While other newspaper companies struggled to stay afloat, the Washington Post Co. was sitting relatively pretty. It had problems of its own, of course—let’s not forget Newsweek—but it also had a white knight: its education unit, Kaplan. Thanks to the boom in for-profit education, Kaplan has been a godsend for the company. But now it’s struggling, and its troubles seem to be affecting the Washington Post Co.’s journalism brands.
But the for-profit education industry has been under fire lately over loans pushed on students who couldn’t afford them to pay for schools that didn’t deliver on their promises, and the Obama administration has made a big push for reform. So it wasn’t too surprising to see Kaplan’s revenue fall 15 percent in the second quarter of this year. Even that decline only further highlighted Kaplan’s importance. Despite the drop, it still accounted for almost 60 percent of its parent company’s revenue.
“When Kaplan stops making the level of financial contribution to the company it historically had, it makes the lack of progress from the media side more noticeable and irksome,” one former Washington Post Co. executive says.

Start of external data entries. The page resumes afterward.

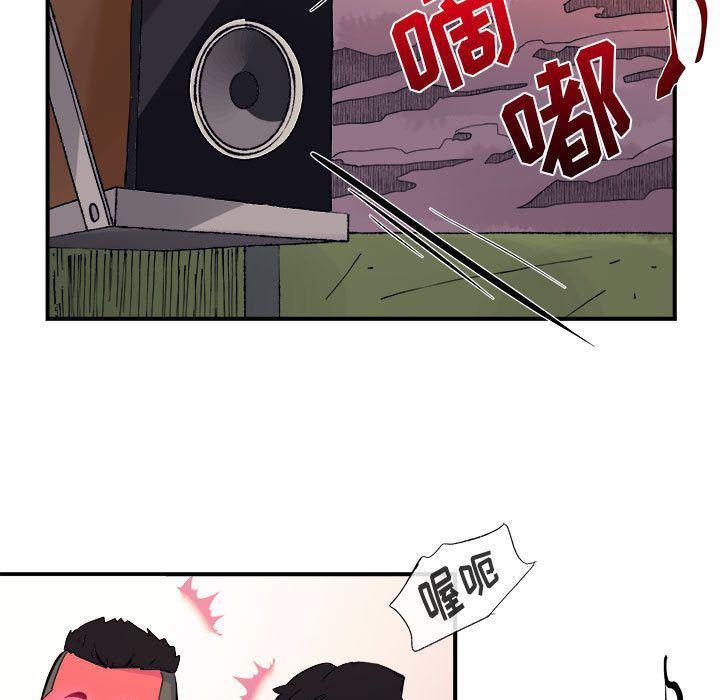 不知火舞邪恶漫画韩漫全集-第6话无删减无遮挡章节图片 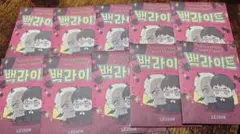 韓国BL LEZHIN DAYBREAK 非売品特典 フラッシュライト - メルカリ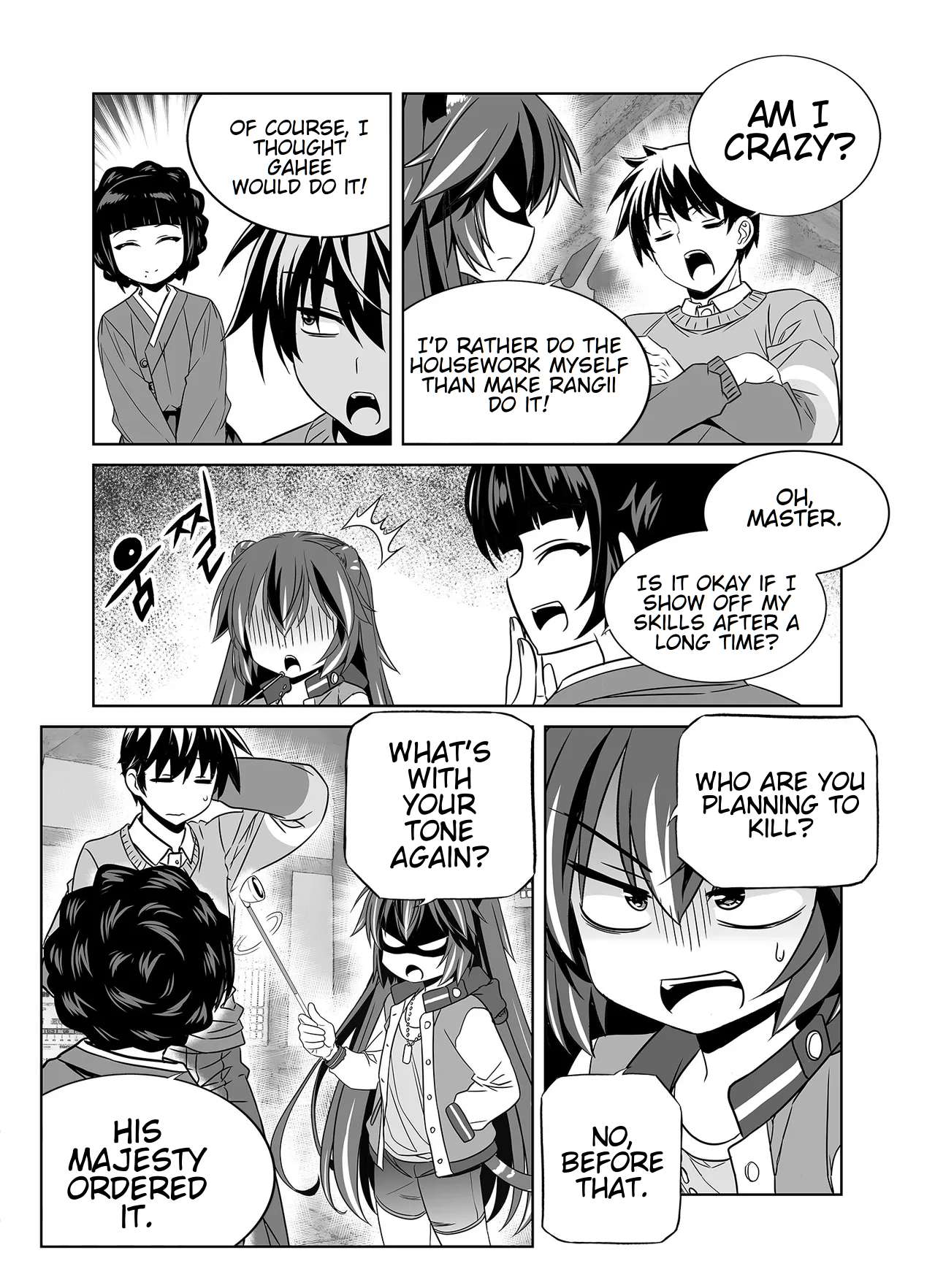 My Love Tiger Chapter 341 4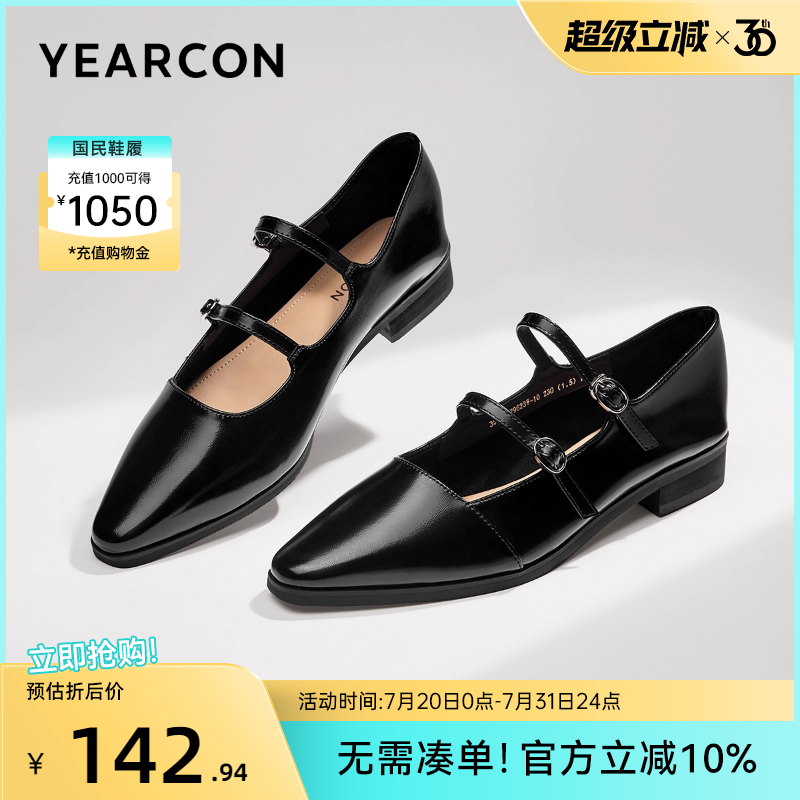 意尔康女鞋粗跟尖头玛丽珍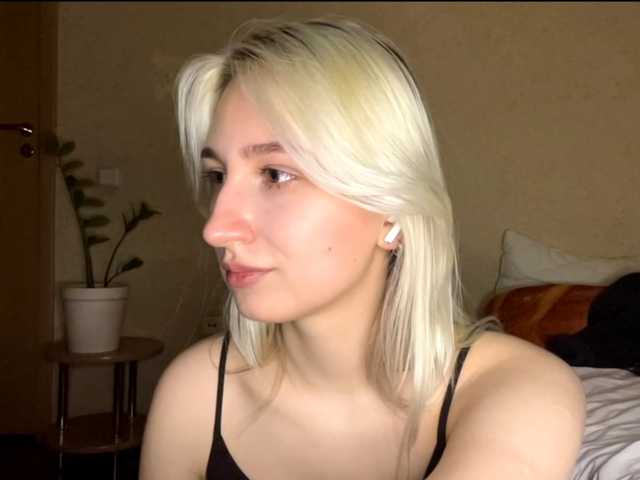 NorikoFalis live cam on BongaCams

That’s what seems to have happened over the past couple of weeks, resulting in the closing of local bureaus at The Washington Post flagship and layoffs at Slate.com. And company brass is indicating more cuts are ahead. Post publisher Katharine Weymouth, niece of company chairman Don Graham, told shareholders last week that “2011 is looking to be a tougher year” for the paper despite improvements in 2010, and said, “We know we have to continue to reduce our cost structure.” It doesn’t help that the company’s online newspaper revenue was down 13 percent in the second quarter.
The company will try to grow revenue with a series of apps, Weymouth said, including a paid newspaper iPad app. As it searches for new sources of cash, the paper has also launched conferences, local verticals, and online classes (with help from Kaplan, as it happens).
Ironically, the Post Co. has long encouraged its units to operate autonomously, consistent with the view of longtime board member Warren Buffett that a company’s individual parts need to stand on their own financially. The company can’t count on Buffett’s wisdom anymore, though. He left the board earlier this year and has been down on newspapers lately, talking of their “unending losses.”